The Trump administration has rejected a report that describes the Indo-Pacific strategy, including “accelerating the rise of India”, “preventing China from establishing areas of influence” and “US strategic primacy” in the region. Includes maintaining, a copy viewed. By axios.
Why it matters: The strategy set out in a ten-page report written in early 2018 has guided the US approach to China, India, North Korea and other countries in the Indo-Pacific region over the past three years. Its release soon highlighted the political and security challenges that the Biden administration had inherited.
China is the primary state actor of concern Mentioned in the document, followed by North Korea. China’s growing influence abroad by seeking strategic alignment with allies and partners in the strategy, working to maintain a “liberal economic order” in the region, and “vaccining” the US and its allies against China’s intelligence activities The emphasis is on coping.
- The strategy also underscores a major expansion of military, intelligence and diplomatic support to India as a primary regional retaliation for China – an approach that is likely to raise eyebrows in Beijing and Islamabad.
What they are saying National Security Advisor Robert O’Brien wrote in a memo dated January 5, 2021, “The collapse of the framework today reflects, with transparency, America’s strategic commitments to Indo-Pacific and our allies and our allies in the region.” With the strategy document.
Breaking it: The Trump administration has noted several of its stated objectives about China over the past three years, including:
- The creation of an “international consensus” that harms the global trading system by China’s industrial policies and unfair trade practices
- Expanding American countermeasures and law enforcement to counter China’s intelligence activities in the US, and help them expand intelligence sharing with allies.
- Develop military and asymmetric warfare strategies to help Taiwan in a long-strained relationship with China.
- Strengthen national security reviews of Chinese investment in sensitive US regions
- “Work to prevent Chinese acquisition of military and strategic capabilities” by working with allies and partners.
Yes but: Some objectives were encountered.
- The strategy repeatedly calls for greater US engagement with countries in the region, particularly the Association of Southeast Asian Countries (ASEAN). In some cases the US actually pulled back from the region, including Trump’s withdrawal from the Trans-Pacific Partnership and the ASEAN Summit.
- The goal of demonstrating the benefits of American democratic values as a counterbalance to China in the region suffered a major setback with the recent armed rebellion in the US Capitol. Those events prompted the resignation of former Deputy National Security Matt Pottinger, one of the main authors of the strategy.
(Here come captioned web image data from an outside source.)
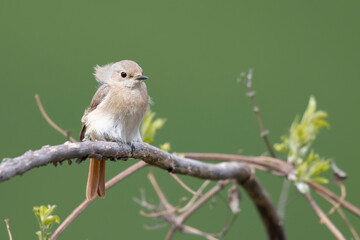 The common redstart female (Phoenicurus phoenicurus)
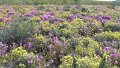 (79) Fynbos flowers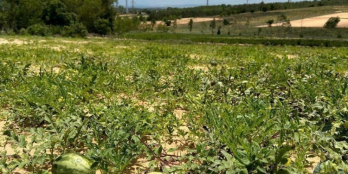 Chủ ngộp bán gấp lô đất 5.000m2 sát bên khu trang trại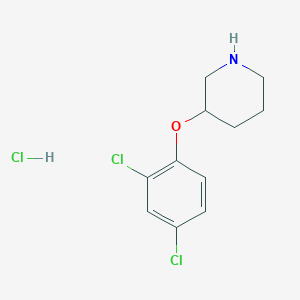 molecular formula C11H14Cl3NO B1439156 3-(2,4-Dichlorophenoxy)piperidine hydrochloride CAS No. 1185302-73-1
Of comment: India forms an important cornerstone of the aptly named Indo-Pacific Strategy.
- The document states that US aid and intelligence sharing should help India in key areas of conflict with China, including border disputes and water rights in the Himalayas. In 2020, India and China had their deadliest military skirmishes on the border since 1967.
- But the US-India relationship is complex. During the Cold War, India refused to make a place in the Western camp itself, instead opting for leadership in the Non-Aligned Movement. Meanwhile, the US, often India’s historic arch rival in South Asia, was inclined towards Pakistan.
Background: Beginning with its national security strategy in 2017, the Trump administration introduced a new official framework to see China and India as part of the same strategic region, the “Indo-Pacific”.
- In 2018 the US Pacific Command was renamed the Indo-Pacific Command, widely seen as a reaction to China’s rise.
Between the lines: Australia’s experience with China influenced the drafting of the 2018 Indo-Pacific Strategy.
- A senior US official told me, “In many ways they were ahead of the curve in understanding the impact and preventing interference in domestic systems.” “They were pioneers and we have to give a lot of credit to Australia.”
- The officer singled out former Australia senior intelligence adviser John Gernaut for the accolade, and said the 2017 report on Chinese influence operations by New Zealand scholar Anne-Marie Brady had also influenced US strategy.